(Beginning of Collected data)

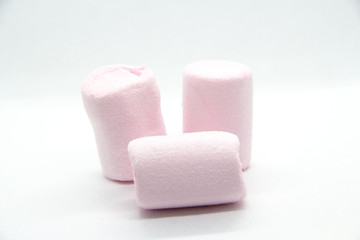 three pink marshmallows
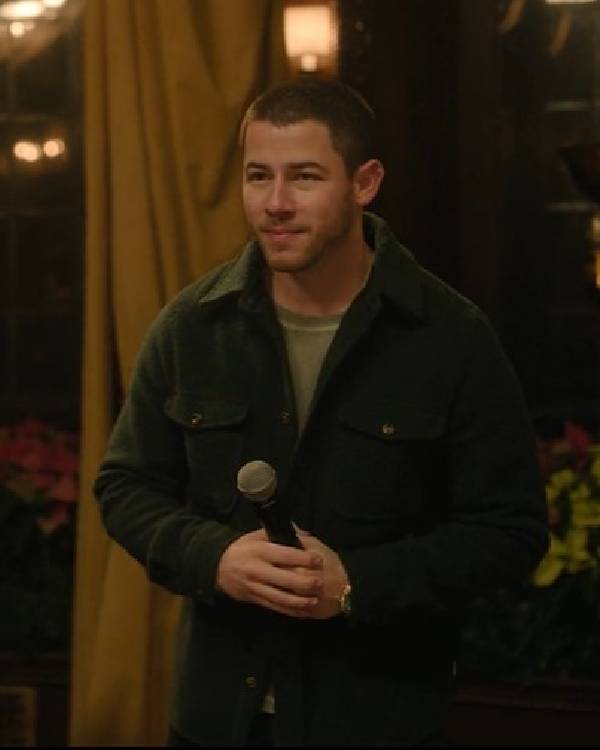 A Very Jonas Christmas Nick Jonas Green Wool Jacket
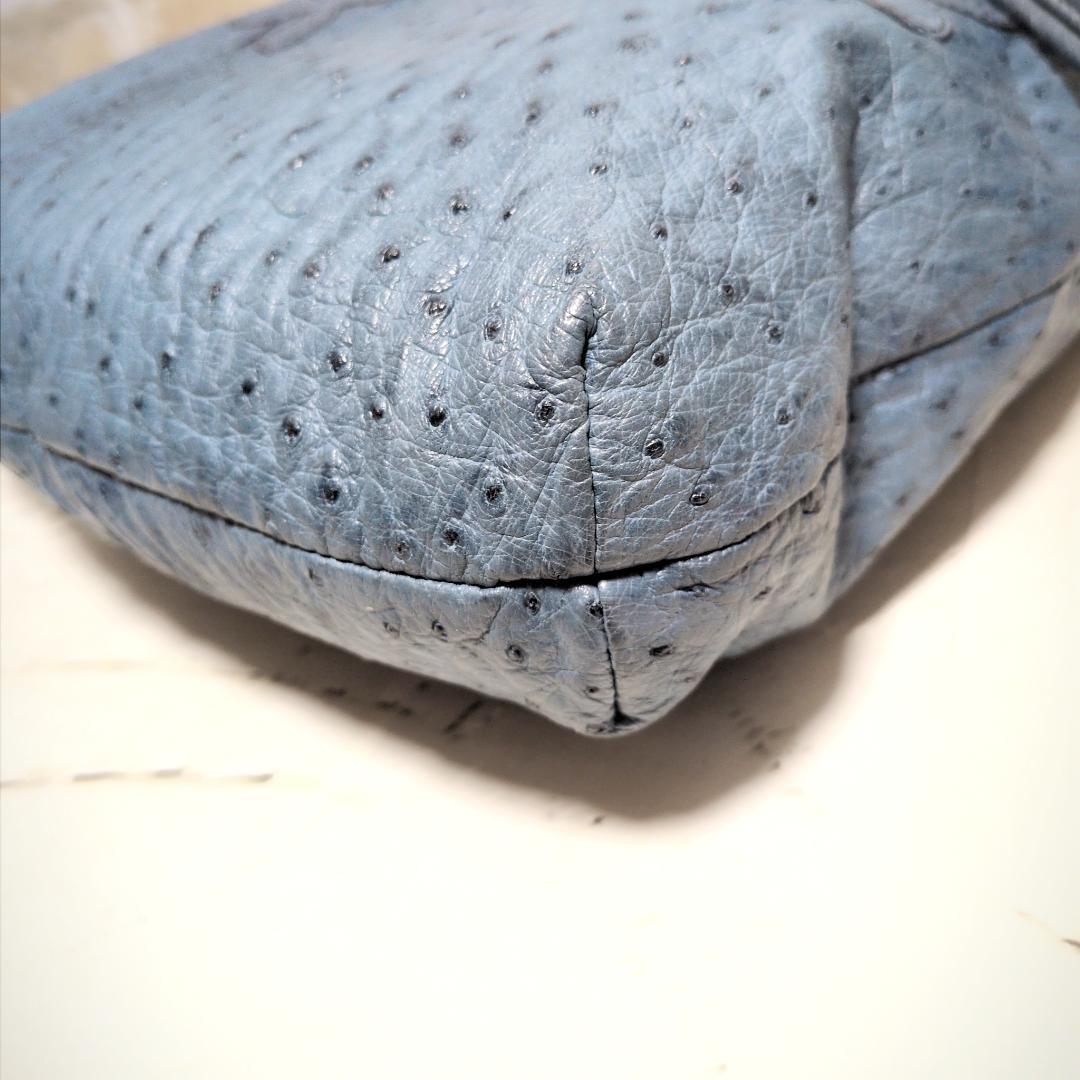 ★IBIZA【イビサ】オーストリッチ ショルダーバッグ ターコイズ 美品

(End of Collected data)

All the lines above are to be reproduced exactly, except the pictures.

 three pink marshmallows
 A Very Jonas Christmas Nick Jonas Green Wool Jacket
 ★IBIZA【イビサ】オーストリッチ ショルダーバッグ ターコイズ 美品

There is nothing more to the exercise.